Foto: Reuters/FINBARR O'REILLY

Es wären nur Fakten, und gegen solche ist man lange abgestumpft. Fidelle, drei Monate, mit Macheten zu Tode gehackt. Chanelle, sechs Monate, in Brand gesteckt. Adriane, ein Jahr, durch Stiche mit einem Speer in die Augen getötet. Wären da nicht die Fotos der Kinder, im Riesenformat, jeder Lichtfleck auf den Augen ist erkennbar, und der Rotz unter den Nasen. Es wären nur einige von vielen tausend Kindern, die in jedem Jahr in den Kriegen dieser Welt sterben. Diese aber hat man aus ihrem Grab geholt und sie wieder lebendig gemacht.

Wenn Zurückhaltung bei der Dokumentation von Grauen ein Indiz dafür ist, wie gut die Wunden verheilt sind, dann wurde das Genozid-Museum von Kigali, der Hauptstadt Ruandas, mit offenen Wunden geschaffen. Nur schwer lässt sich diese Gedenkstätte ertragen, die ohne Rücksicht auf Empfindlichkeiten vom Völkermord erzählt, den Völkermord zu nennen sich die Staaten im UN-Sicherheitsrat damals so lange weigerten.

Kigali Memorial Centre ist ein vieleckiger Bau mit einem futuristisch anmutenden Kuppeldach.
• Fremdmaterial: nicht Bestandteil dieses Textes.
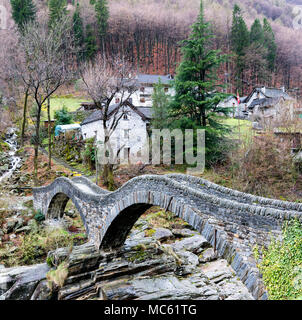 Vue sur le vieux pont de pierre Romain à deux arches près du village de Lavertezzo dans les Alpes Suisses Banque D'Images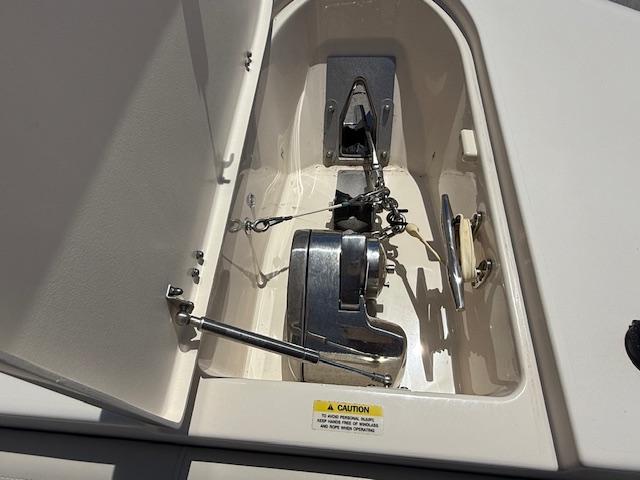 336-311 BROKERAGE RON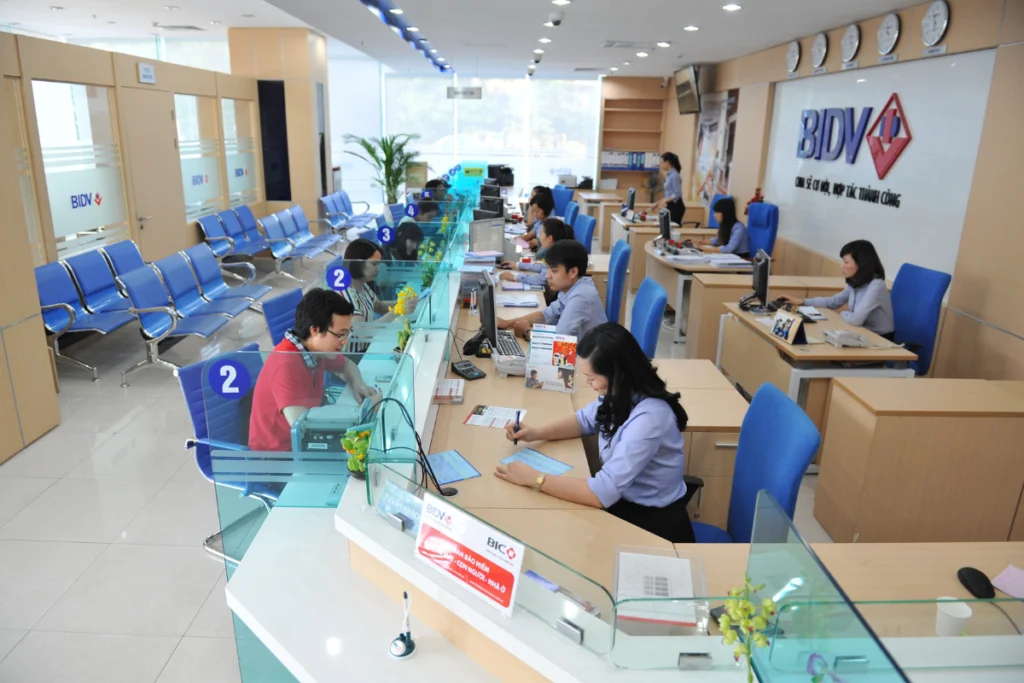 môi trường làm việc của các vị trí trong ngân hàng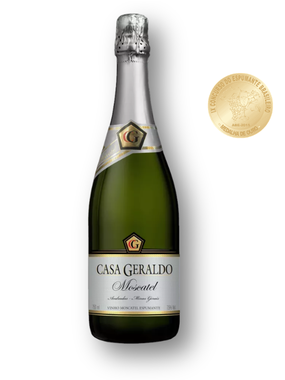 Espumante Casa Geraldo Branco Moscatel Brasil Moscato 750ml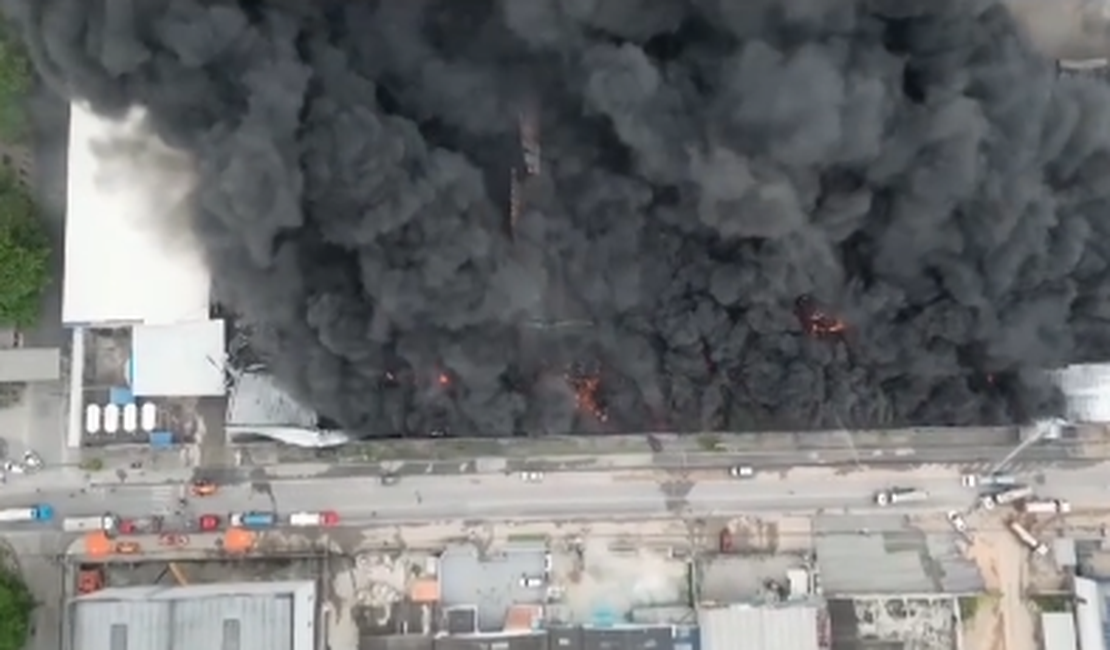 Grande nuvem de fumaça mostra a dimensão de incêndio no Distrito Industrial
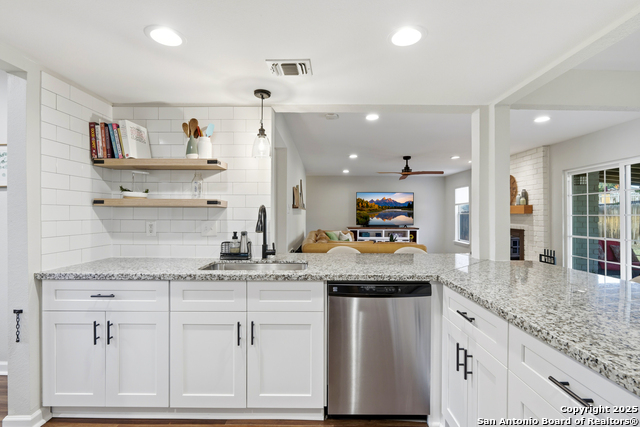 Image 12 of 36 For 13814 Crested Rise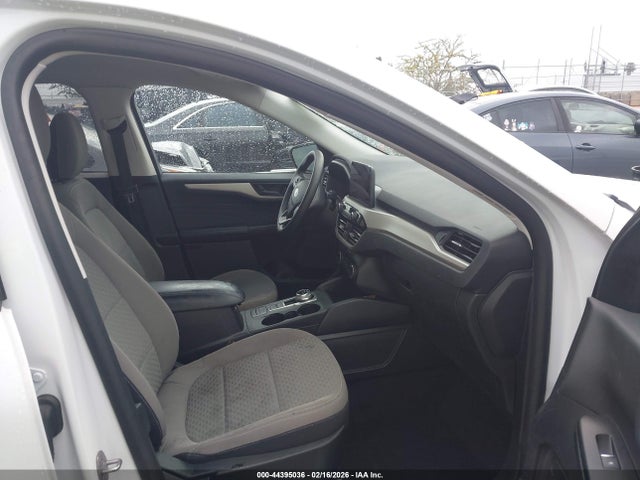 1FMCU0G6XNUB33212 Ford ESCAPE SE
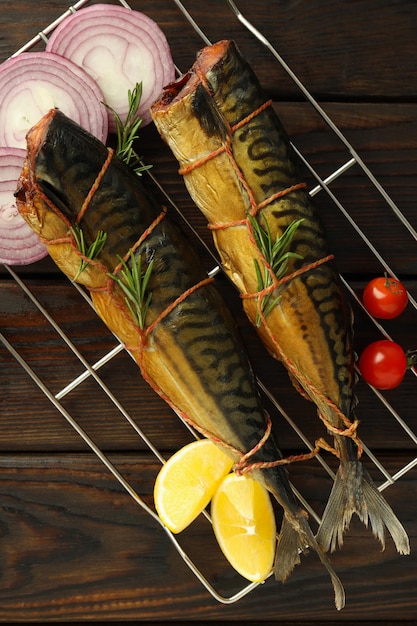 Foto concept van lekker eten met gerookte makreel op houten tafel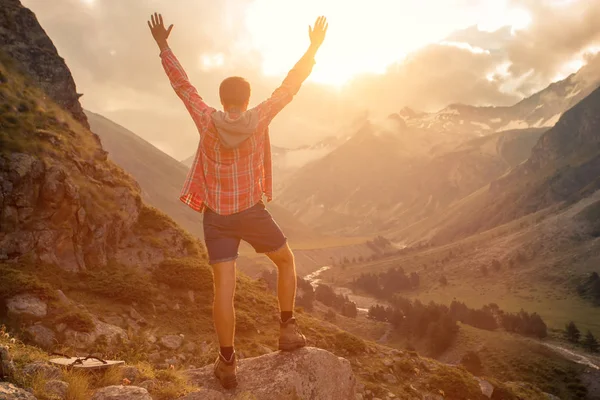 Hombre Viajero senderismo Viajes Concepto de estilo de vida hermosas montañas paisaje sobre fondo Viaje de verano aventura vacaciones al aire libre — Foto de Stock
Auf einem der Hügel der Stadt gelegen, eingewoben in die Kakofonie von Mopeds und Marktschreiern. Roter Staub weht über das Dach und durch die drei Gärten. Den der Einheit. Den der Vielfalt. Den der Harmonie. Begriffe, die für ein "Nie wieder" stehen sollen.
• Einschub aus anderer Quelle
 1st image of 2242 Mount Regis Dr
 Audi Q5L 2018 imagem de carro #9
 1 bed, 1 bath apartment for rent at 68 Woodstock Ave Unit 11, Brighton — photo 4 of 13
Der Name wahrt Neutralität, die Ausstellung tut es nicht. Sie bedient sich aller Elemente des Persönlichen und schafft eine Intimität zwischen Besuchern und Opfern, die keine Distanz zulässt. Nichts bleibt erspart. Den Afrikanern nicht die Einzelheiten des Abschlachtens ihrer Brüder und Schwestern, damals im frühen Sommer des Jahres 1994. Dem westlichen Besucher nicht das Entsetzen über das Versagen seiner eigenen Welt, die eine zivilisierte sein will. Deren Regierungen und Repräsentanten diesem Morden erst Vorschub leisteten, dann Unterstützung gewährten.

Vor dem Genozid, während des Genozids, nach dem Genozid heißen die drei Ausstellungsteile, die in Text und Bild, mit Videoclips den Besucher durch die Geschichte Ruandas bis in die Gegenwart leiten. Und diese Führung ist ein Lehrstück über politisches und menschliches Versagen, welches auch dann noch keine Grenzen kannte, als man in Europa lange geschworen hatte, einem Völkermord nie wieder untätig gegenüber zu stehen.
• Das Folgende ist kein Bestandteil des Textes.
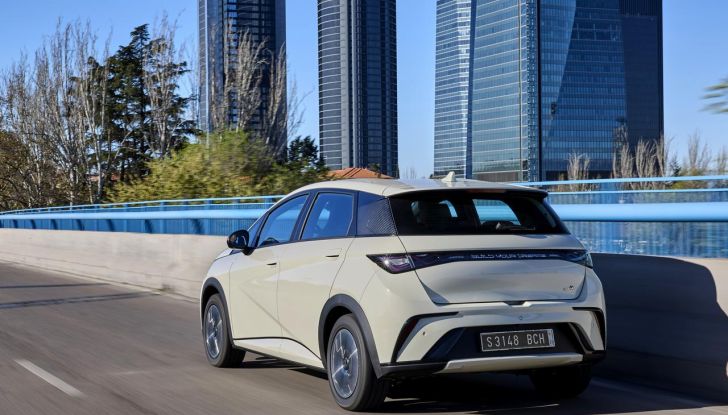 BYD Dolphin: caratteristiche, autonomia, prezzi e prova su strada a Milano - Foto 48 di 136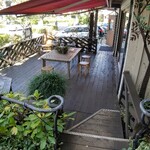 リリエンベルグ - テラス  店内待ちの列からよく見えるのでここで食べる勇気がなく…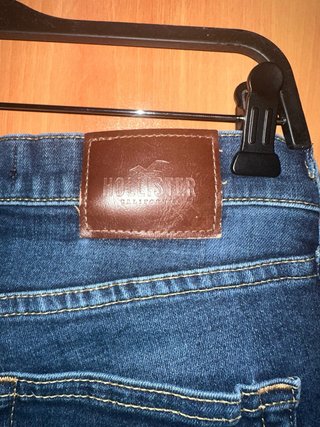 Pantalón vaquero Hollister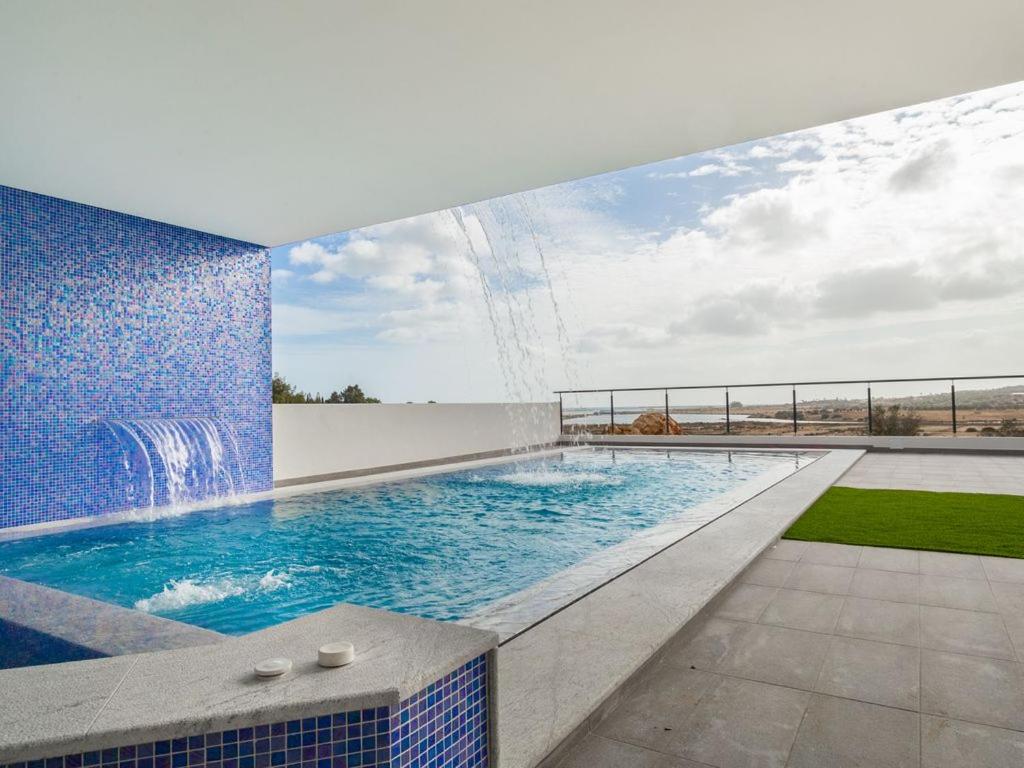Hotel Villa Ria Alvor- Swimming pool & Jacuzzi - Image 1
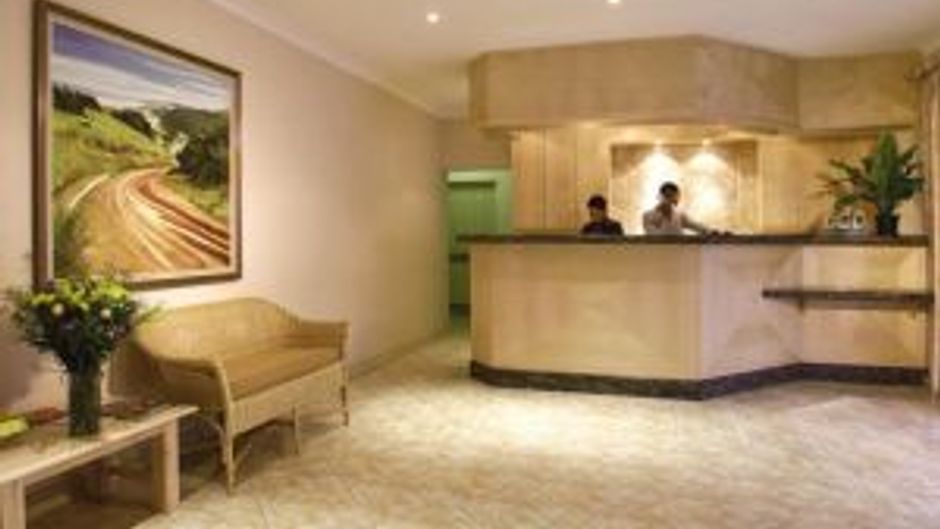 Bishops Inn Hotel Lobby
Die Ausmaße der Judenvernichtung hat dieser Völkermord lange nicht gehabt, unübertroffen aber ist und bleibt er in der rasenden Geschwindigkeit und der ungebremsten Mordlust, mit der er sich vollzog. Um eine Million Tutsi und Hutu zu ermorden, brauchte der aufgehetzte und durch das Stillschweigen des Westens sanktionierte Pöbel nur knapp sechs Wochen.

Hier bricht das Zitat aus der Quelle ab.